A demo visualization of PSIM's execution with different load-balancing policies is available at:

Example 1: 4 jobs sharing a 32-Machine Cluster, with 4 spines and 4 ToRs. Each jobs is running a data-parallel training protocol with Ring-Allreduce communication at the end of each training iteration. Each flow randomly picks one of the 4 spines for its path.

Example 2: A similar setup, but with a load-aware routing policy. Each flow picks the least loaded spine when starts transmission. The load-aware policy achieves better performance, but requires end-hosts to access non-local congestion signals.

Repository Layout

The repository has two main parts:

  • src/ and include/ contain the C++ simulator.
  • run/ contains the Python experiment orchestration, placement/routing helpers, and plotting scripts used by the paper experiments.

The most useful implementation entry points are:

  • src/main.cc sets up command-line configuration, logging, repetitions, and per-run output directories.
  • src/psim.cc owns the main simulation loop: starting tasks, advancing flows/compute, collecting history, and logging results.
  • src/protocol_builder.cc builds protocol graphs either from input files or from generated experiment metadata.
  • src/network.cc and src/core_network.cc implement the network models and bottlenecks.
  • src/loadbalancer.cc implements routing and load-balancing policies.
  • include/gconfig.h lists the runtime configuration fields populated by command-line options.

Dependencies

PSIM currently expects:

  • C++ build tools: a C++17 compiler, CMake, Boost Program Options, and Python development headers/libraries.
  • Python packages for experiments and plotting: matplotlib, numpy, pandas, networkx, seaborn, and scipy.
  • Git submodules: deps/spdlog and deps/json.

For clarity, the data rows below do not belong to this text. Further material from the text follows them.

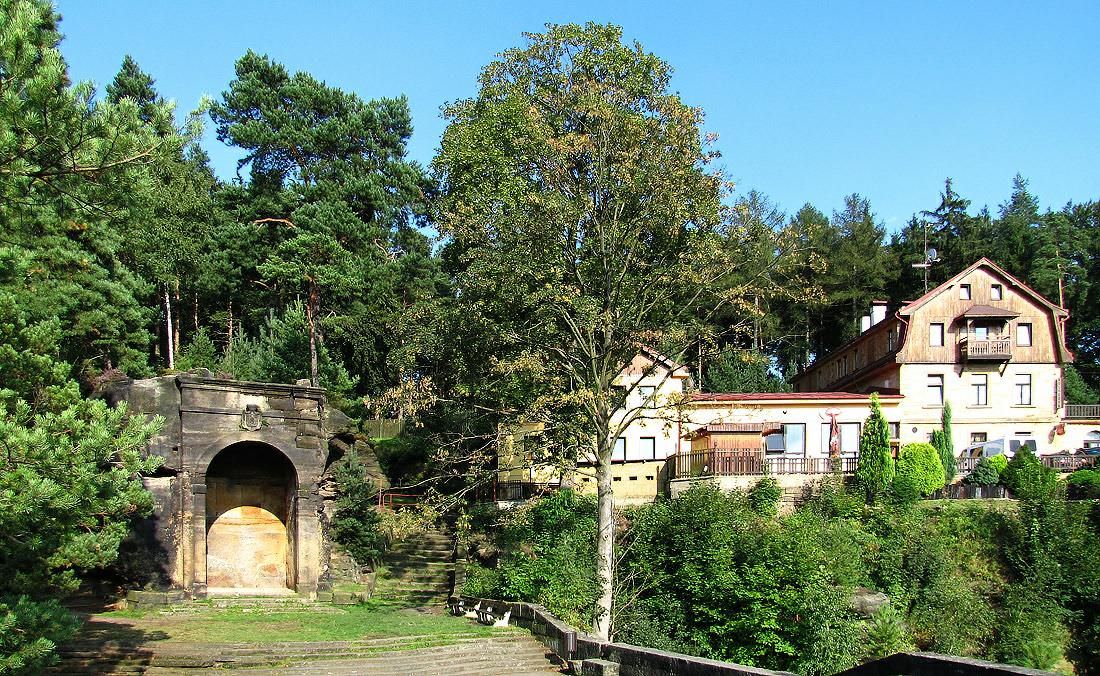 Смотровая площадка с другой стороны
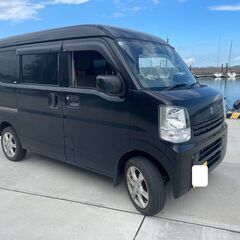 宅配・車中泊　エブリー　２０１８年MT四駆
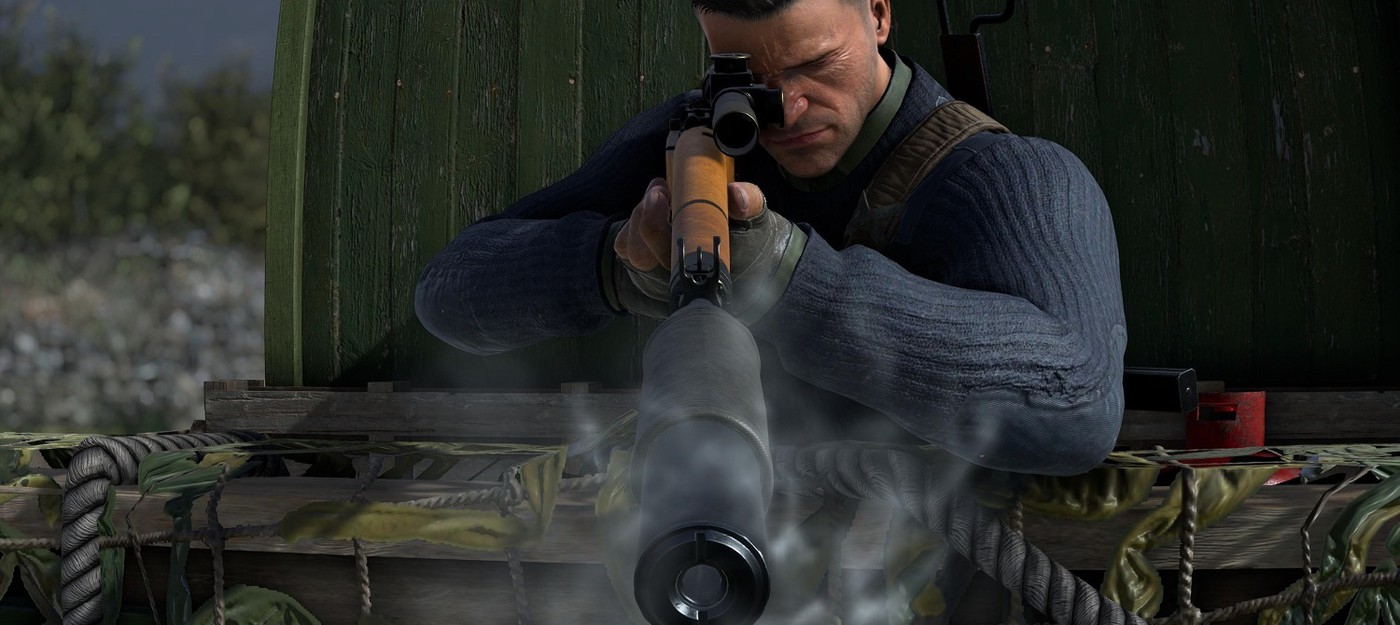 Релизный трейлер Sniper Elite 5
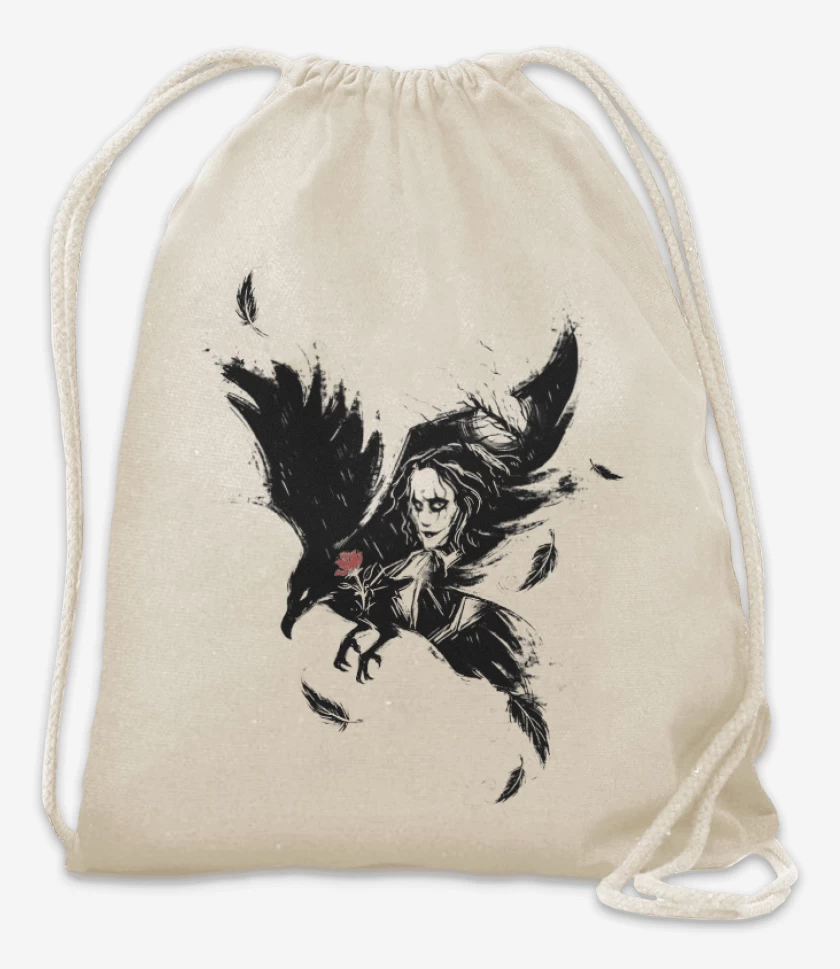Mochila Blanco de The Crow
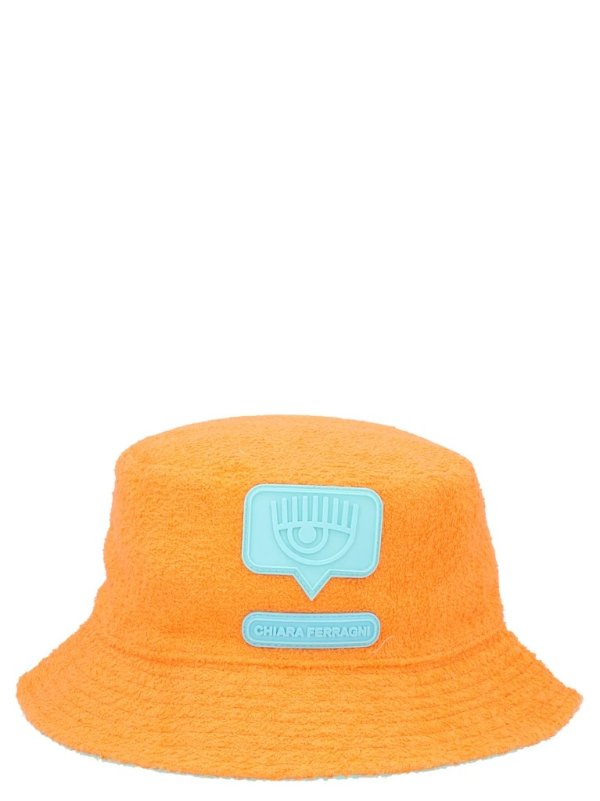 Logo Motif Reversible Bucket Hat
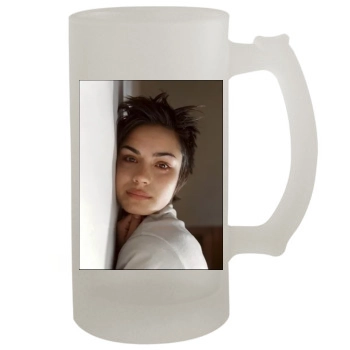 Shannyn Sossamon 16oz Frosted Beer Stein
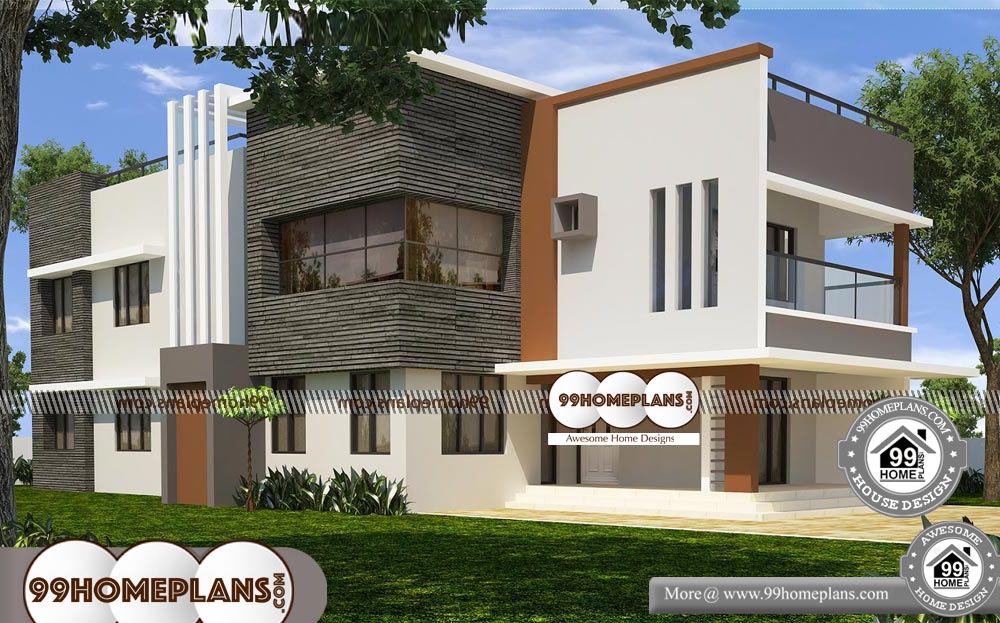 Small Two Storey Homes - 2 Story 3800 sqft-HOME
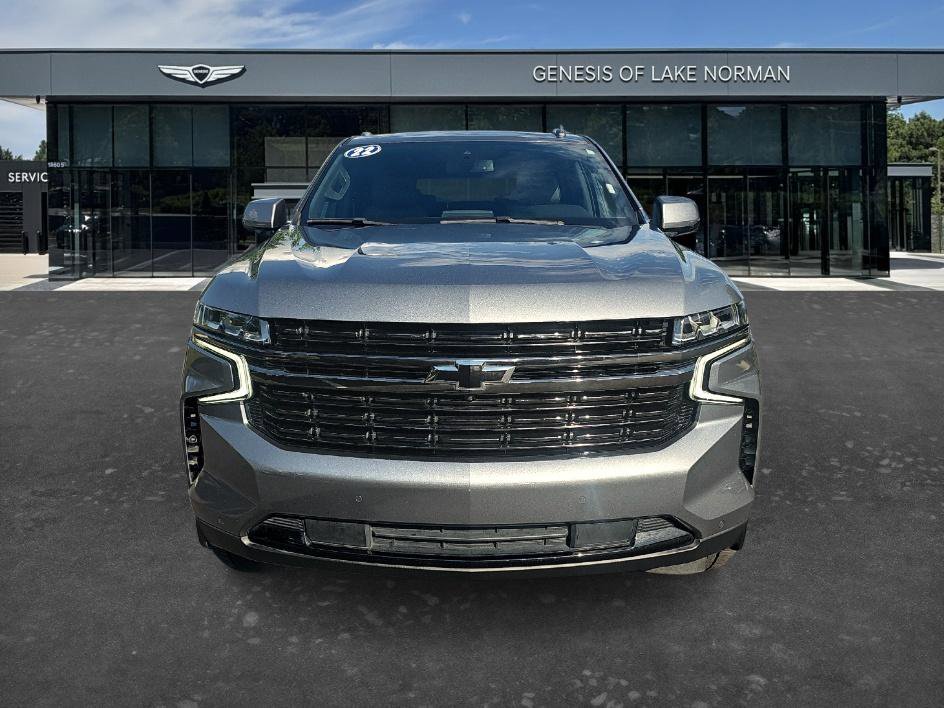 Used 2022 Satin Steel Metallic Chevrolet RST image 2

On Ubuntu-like systems, the base system dependencies are typically:

sudo apt-get update
sudo apt-get install -y cmake g++ libboost-all-dev python3-dev
python3 -m pip install matplotlib numpy pandas networkx seaborn scipy

Cloning

Clone with submodules:

git clone --recursive git@github.com:FaridZandi/psim.git
cd psim

If the repository was already cloned without submodules:

git submodule update --init --recursive

This is required because the CMake build imports deps/spdlog and deps/json.

Building

mkdir -p build
cd build
cmake ..
make -j

The build creates the psim executable under build/.

Quick Start

From the build directory, run the simulator with a protocol input:

./psim \
  --protocol-file-dir ../input/128search \
  --protocol-file-name vgg128-simtime.txt \
  --network-type leafspine \
  --lb-scheme roundrobin \
  --rep-count 1 \
  --console-log-level 5

Output is written under the configured workers directory. By default, PSIM writes to:

build/workers/worker-<worker-id>/run-<rep>/

The path above assumes the command is run from the build/ directory.

Typical generated files include:

  • runtime.txt
  • results.txt
  • lb-decisions.txt
  • regrets.txt
  • flow-info.txt

Configuration

PSIM is configured through command-line flags that populate the global configuration object in include/gconfig.h.

The most important options are grouped below. For the complete list, run ./build/psim --help.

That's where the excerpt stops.